Given records Block Start

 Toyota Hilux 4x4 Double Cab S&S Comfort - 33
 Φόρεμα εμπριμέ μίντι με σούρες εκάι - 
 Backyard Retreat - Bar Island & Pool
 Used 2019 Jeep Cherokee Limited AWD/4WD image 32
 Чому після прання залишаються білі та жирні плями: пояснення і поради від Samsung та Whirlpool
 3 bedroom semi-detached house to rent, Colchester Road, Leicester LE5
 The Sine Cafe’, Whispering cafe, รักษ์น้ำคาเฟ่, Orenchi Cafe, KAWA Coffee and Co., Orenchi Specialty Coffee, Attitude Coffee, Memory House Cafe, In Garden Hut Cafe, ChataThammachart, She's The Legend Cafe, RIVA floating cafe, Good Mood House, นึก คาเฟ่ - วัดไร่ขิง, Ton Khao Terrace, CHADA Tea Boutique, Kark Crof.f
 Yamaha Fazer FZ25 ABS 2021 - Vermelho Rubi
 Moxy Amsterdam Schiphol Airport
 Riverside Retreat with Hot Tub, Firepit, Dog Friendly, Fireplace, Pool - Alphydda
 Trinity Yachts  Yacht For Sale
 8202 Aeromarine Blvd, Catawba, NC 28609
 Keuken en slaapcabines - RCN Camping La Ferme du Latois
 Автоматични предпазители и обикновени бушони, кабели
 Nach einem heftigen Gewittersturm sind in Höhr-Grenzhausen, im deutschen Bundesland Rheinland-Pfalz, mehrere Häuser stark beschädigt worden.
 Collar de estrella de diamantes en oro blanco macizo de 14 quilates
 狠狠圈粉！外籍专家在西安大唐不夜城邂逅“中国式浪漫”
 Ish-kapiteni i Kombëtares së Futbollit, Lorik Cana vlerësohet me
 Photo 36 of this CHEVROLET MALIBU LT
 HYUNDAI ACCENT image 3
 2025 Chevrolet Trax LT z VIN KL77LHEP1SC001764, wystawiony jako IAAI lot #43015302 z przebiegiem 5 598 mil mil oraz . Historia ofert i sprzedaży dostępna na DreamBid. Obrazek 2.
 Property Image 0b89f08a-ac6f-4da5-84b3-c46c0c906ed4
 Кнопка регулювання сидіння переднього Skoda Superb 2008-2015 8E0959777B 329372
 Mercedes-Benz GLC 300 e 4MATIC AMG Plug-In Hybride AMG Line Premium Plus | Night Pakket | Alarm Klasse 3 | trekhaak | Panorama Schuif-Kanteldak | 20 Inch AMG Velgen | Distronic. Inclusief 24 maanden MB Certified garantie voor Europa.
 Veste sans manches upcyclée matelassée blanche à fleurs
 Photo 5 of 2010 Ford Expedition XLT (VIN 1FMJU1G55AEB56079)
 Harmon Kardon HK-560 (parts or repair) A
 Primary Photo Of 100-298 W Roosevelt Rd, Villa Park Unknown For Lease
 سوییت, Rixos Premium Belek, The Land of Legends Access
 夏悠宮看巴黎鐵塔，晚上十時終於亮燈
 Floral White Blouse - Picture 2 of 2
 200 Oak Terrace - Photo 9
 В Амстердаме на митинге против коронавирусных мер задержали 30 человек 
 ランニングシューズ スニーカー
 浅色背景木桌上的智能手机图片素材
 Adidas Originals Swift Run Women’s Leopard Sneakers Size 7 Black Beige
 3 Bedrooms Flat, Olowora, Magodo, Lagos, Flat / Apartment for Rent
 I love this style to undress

Given records Block End

▶ **Exercise goal**:
Please output exactly the lines between the one holding "The Sine Cafe’, Whispering" and the one holding "Mercedes-Benz GLC 300" in the records above, inclusive, and nothing more.

▶ **Exercise result**:
 The Sine Cafe’, Whispering cafe, รักษ์น้ำคาเฟ่, Orenchi Cafe, KAWA Coffee and Co., Orenchi Specialty Coffee, Attitude Coffee, Memory House Cafe, In Garden Hut Cafe, ChataThammachart, She's The Legend Cafe, RIVA floating cafe, Good Mood House, นึก คาเฟ่ - วัดไร่ขิง, Ton Khao Terrace, CHADA Tea Boutique, Kark Crof.f
 Yamaha Fazer FZ25 ABS 2021 - Vermelho Rubi
 Moxy Amsterdam Schiphol Airport
 Riverside Retreat with Hot Tub, Firepit, Dog Friendly, Fireplace, Pool - Alphydda
 Trinity Yachts  Yacht For Sale
 8202 Aeromarine Blvd, Catawba, NC 28609
 Keuken en slaapcabines - RCN Camping La Ferme du Latois
 Автоматични предпазители и обикновени бушони, кабели
 Nach einem heftigen Gewittersturm sind in Höhr-Grenzhausen, im deutschen Bundesland Rheinland-Pfalz, mehrere Häuser stark beschädigt worden.
 Collar de estrella de diamantes en oro blanco macizo de 14 quilates
 狠狠圈粉！外籍专家在西安大唐不夜城邂逅“中国式浪漫”
 Ish-kapiteni i Kombëtares së Futbollit, Lorik Cana vlerësohet me
 Photo 36 of this CHEVROLET MALIBU LT
 HYUNDAI ACCENT image 3
 2025 Chevrolet Trax LT z VIN KL77LHEP1SC001764, wystawiony jako IAAI lot #43015302 z przebiegiem 5 598 mil mil oraz . Historia ofert i sprzedaży dostępna na DreamBid. Obrazek 2.
 Property Image 0b89f08a-ac6f-4da5-84b3-c46c0c906ed4
 Кнопка регулювання сидіння переднього Skoda Superb 2008-2015 8E0959777B 329372
 Mercedes-Benz GLC 300 e 4MATIC AMG Plug-In Hybride AMG Line Premium Plus | Night Pakket | Alarm Klasse 3 | trekhaak | Panorama Schuif-Kanteldak | 20 Inch AMG Velgen | Distronic. Inclusief 24 maanden MB Certified garantie voor Europa.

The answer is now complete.